Sew each end of the tab to the narrowest (9 st) section of one end of the scarf; centering it evenly between the stitches. I used a backstitch, and went over each end twice. Fasten off on wrong side and run in excess ends.Notes: the original vintage knit scarf used angora yarn -- not sure I would want tickle-y, fly-away fibers so close to mouth/nose, so I went with merino (plus, I had it on hand). The key to yarn substitution is soft and cozy. Certainly other weights of yarn could be used for this simple shape, but you will need to re-figure the proportions, i.e. stitch and row count.

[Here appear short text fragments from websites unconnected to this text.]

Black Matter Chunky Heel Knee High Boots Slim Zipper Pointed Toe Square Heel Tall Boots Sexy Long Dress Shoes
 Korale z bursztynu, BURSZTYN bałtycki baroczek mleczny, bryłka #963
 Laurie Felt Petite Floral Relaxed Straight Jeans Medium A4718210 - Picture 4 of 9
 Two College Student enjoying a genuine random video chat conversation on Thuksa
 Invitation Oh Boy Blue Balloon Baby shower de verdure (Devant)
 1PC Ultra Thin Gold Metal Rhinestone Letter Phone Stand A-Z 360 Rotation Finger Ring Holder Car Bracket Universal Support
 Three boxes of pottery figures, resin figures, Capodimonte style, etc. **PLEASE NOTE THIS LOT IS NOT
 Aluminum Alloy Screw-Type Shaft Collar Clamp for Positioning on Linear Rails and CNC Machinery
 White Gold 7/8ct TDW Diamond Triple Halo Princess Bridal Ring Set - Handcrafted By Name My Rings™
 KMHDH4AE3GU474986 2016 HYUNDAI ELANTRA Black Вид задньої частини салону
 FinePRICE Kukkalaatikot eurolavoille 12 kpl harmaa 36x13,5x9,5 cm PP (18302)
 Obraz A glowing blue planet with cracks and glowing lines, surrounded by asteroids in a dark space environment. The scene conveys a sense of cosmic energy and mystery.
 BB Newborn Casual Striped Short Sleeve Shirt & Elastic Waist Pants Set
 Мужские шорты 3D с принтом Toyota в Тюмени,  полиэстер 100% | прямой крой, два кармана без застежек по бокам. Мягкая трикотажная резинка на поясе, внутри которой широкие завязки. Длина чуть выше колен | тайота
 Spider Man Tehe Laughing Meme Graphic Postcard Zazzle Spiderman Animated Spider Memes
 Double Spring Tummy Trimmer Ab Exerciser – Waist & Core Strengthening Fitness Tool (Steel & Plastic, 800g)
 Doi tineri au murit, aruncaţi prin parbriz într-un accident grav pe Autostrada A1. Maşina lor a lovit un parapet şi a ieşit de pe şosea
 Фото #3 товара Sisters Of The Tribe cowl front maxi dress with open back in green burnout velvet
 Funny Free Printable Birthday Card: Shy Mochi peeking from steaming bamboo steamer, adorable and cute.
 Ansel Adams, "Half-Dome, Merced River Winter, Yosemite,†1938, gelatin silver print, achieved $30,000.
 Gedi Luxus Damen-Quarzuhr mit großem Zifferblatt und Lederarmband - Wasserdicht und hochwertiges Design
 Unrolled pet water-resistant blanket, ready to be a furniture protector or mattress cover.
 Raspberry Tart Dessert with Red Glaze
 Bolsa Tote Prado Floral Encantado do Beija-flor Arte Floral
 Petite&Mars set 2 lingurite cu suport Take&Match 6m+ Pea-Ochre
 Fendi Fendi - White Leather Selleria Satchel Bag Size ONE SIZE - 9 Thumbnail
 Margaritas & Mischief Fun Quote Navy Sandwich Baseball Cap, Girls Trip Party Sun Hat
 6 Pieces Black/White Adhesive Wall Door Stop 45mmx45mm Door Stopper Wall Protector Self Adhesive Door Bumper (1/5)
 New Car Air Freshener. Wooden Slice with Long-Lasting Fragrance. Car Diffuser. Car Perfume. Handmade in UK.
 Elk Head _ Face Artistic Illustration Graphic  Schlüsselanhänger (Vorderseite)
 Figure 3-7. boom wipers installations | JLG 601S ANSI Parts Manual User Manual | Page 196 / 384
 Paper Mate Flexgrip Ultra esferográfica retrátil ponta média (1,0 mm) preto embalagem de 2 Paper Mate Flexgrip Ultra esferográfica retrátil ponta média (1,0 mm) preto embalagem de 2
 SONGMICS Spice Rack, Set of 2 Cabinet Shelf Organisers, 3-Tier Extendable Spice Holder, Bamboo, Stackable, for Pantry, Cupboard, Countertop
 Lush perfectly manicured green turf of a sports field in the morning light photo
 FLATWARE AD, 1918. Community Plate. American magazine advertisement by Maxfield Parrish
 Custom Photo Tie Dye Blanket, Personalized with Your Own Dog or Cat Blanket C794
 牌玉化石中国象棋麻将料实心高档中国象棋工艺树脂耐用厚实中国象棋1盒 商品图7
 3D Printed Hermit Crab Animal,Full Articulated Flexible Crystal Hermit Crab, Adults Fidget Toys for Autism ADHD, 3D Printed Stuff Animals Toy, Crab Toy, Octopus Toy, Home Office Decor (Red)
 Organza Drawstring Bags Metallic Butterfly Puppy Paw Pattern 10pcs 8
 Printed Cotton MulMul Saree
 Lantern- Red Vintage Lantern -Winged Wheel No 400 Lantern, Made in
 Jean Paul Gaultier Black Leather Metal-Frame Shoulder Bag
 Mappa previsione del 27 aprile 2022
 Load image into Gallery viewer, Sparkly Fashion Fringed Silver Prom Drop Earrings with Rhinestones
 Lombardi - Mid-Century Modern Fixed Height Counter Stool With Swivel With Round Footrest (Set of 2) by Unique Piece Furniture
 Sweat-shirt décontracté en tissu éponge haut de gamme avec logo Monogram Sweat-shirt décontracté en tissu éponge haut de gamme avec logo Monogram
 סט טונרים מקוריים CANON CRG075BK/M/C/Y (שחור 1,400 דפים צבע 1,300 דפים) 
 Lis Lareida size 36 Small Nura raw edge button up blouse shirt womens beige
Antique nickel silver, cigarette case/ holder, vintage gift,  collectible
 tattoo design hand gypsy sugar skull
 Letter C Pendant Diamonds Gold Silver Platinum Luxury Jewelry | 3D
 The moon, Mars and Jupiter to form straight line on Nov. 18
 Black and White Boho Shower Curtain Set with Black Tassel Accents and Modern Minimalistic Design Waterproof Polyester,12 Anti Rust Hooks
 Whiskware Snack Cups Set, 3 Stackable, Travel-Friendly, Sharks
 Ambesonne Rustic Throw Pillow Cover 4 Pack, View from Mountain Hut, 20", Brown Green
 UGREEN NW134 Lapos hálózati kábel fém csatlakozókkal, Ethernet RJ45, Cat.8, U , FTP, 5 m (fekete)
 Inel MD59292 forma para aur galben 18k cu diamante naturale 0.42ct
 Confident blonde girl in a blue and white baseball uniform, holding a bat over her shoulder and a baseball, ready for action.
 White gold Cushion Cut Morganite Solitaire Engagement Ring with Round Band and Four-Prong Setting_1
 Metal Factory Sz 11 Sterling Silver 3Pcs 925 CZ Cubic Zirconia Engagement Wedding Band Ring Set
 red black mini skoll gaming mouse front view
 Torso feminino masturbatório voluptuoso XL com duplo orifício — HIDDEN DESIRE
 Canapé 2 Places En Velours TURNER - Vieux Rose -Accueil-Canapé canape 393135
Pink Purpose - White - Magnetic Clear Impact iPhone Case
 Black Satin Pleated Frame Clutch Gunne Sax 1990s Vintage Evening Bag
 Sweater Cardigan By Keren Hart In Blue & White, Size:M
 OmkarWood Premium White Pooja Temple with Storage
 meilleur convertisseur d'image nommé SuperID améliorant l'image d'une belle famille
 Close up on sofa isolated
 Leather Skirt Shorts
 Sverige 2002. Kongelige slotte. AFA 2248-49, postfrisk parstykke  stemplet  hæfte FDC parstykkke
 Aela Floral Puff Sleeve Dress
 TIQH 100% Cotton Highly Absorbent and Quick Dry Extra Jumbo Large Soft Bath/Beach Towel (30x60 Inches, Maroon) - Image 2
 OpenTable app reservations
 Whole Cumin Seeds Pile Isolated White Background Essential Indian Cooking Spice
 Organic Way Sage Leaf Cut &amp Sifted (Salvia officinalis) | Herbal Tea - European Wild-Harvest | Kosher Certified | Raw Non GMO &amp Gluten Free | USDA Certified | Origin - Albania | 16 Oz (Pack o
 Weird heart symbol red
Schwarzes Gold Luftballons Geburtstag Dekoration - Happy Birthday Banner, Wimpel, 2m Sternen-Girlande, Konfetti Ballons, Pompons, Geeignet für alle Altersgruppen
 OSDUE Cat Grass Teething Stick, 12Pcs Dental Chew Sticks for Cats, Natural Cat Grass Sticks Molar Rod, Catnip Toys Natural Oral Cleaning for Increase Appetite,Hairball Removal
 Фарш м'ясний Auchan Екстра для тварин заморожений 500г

Finishing with a picot edging instead of reverse sc would be nice too, I think. And for lace fans, what if one end was worked in a pineapple shape instead of plain? Food for thought. To adjust the total length -- work less rows in the 17 stitch center back section. Scarf is pictured worn somewhat loosely on an average size neck. Directions are as accurate and clear as I could manage. Please let me know if you try it -- I always like feedback, both pro and con. And, even though this simple scarf has existed in shape and concept for quite a while -- these particular words and photos are mine. Please respect the effort, and ask before using them in any way other than making a scarf for personal use.